╭──
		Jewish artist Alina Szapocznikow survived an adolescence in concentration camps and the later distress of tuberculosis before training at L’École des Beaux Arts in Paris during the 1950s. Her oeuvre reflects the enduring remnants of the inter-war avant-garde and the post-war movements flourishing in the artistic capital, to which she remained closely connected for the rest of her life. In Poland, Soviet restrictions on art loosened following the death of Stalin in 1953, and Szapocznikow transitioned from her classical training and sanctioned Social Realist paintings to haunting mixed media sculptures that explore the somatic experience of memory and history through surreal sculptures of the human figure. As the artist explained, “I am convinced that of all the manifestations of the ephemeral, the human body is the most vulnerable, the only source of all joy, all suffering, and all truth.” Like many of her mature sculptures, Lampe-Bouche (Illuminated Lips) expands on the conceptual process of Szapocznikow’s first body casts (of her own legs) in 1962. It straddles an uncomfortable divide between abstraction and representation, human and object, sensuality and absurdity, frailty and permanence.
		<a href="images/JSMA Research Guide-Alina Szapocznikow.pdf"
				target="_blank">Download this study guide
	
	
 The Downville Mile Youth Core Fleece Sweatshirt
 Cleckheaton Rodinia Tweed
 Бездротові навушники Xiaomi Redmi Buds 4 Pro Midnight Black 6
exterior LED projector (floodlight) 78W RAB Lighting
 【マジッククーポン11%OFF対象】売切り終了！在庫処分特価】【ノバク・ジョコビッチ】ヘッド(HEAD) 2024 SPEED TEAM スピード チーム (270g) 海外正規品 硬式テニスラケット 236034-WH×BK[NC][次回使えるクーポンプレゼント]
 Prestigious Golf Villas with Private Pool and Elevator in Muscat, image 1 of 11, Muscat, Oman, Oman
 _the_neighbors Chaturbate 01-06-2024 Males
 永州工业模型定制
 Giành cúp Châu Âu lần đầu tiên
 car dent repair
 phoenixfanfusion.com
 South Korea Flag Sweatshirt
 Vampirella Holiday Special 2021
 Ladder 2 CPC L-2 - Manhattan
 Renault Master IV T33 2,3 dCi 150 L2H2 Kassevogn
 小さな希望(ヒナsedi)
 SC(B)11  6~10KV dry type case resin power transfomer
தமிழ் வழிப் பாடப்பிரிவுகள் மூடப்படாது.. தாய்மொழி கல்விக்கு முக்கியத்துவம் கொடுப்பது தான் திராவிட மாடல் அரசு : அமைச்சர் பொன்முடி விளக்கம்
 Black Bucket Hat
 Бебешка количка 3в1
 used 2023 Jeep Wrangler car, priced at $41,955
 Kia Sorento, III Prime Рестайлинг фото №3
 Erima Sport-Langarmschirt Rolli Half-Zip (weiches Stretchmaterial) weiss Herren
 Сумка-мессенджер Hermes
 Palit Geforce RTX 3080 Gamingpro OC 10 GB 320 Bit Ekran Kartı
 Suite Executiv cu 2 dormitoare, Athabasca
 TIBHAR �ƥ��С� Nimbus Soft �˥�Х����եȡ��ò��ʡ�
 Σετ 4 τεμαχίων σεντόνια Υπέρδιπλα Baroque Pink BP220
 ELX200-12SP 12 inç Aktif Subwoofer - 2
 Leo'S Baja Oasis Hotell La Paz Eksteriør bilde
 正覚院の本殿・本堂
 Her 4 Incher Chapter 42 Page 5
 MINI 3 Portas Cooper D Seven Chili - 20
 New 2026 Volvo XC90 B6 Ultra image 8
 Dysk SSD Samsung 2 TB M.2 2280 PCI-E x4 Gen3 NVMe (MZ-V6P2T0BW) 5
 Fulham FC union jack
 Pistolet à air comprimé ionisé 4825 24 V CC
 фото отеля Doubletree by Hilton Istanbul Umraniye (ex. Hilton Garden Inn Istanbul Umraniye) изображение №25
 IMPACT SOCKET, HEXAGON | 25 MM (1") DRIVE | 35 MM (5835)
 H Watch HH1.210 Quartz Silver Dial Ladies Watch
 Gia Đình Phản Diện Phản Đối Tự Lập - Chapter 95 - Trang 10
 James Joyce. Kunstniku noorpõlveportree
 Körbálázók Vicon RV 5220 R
╰──
**DIRECTIONS FOR THIS TASK**
The answer is the run of lines above from the line containing "Vampirella Holiday Special 2021" through the line containing "Erima Sport-Langarmschirt Rolli", copied exactly and alone.

**RESULT**
 Vampirella Holiday Special 2021
 Ladder 2 CPC L-2 - Manhattan
 Renault Master IV T33 2,3 dCi 150 L2H2 Kassevogn
 小さな希望(ヒナsedi)
 SC(B)11  6~10KV dry type case resin power transfomer
தமிழ் வழிப் பாடப்பிரிவுகள் மூடப்படாது.. தாய்மொழி கல்விக்கு முக்கியத்துவம் கொடுப்பது தான் திராவிட மாடல் அரசு : அமைச்சர் பொன்முடி விளக்கம்
 Black Bucket Hat
 Бебешка количка 3в1
 used 2023 Jeep Wrangler car, priced at $41,955
 Kia Sorento, III Prime Рестайлинг фото №3
 Erima Sport-Langarmschirt Rolli Half-Zip (weiches Stretchmaterial) weiss Herren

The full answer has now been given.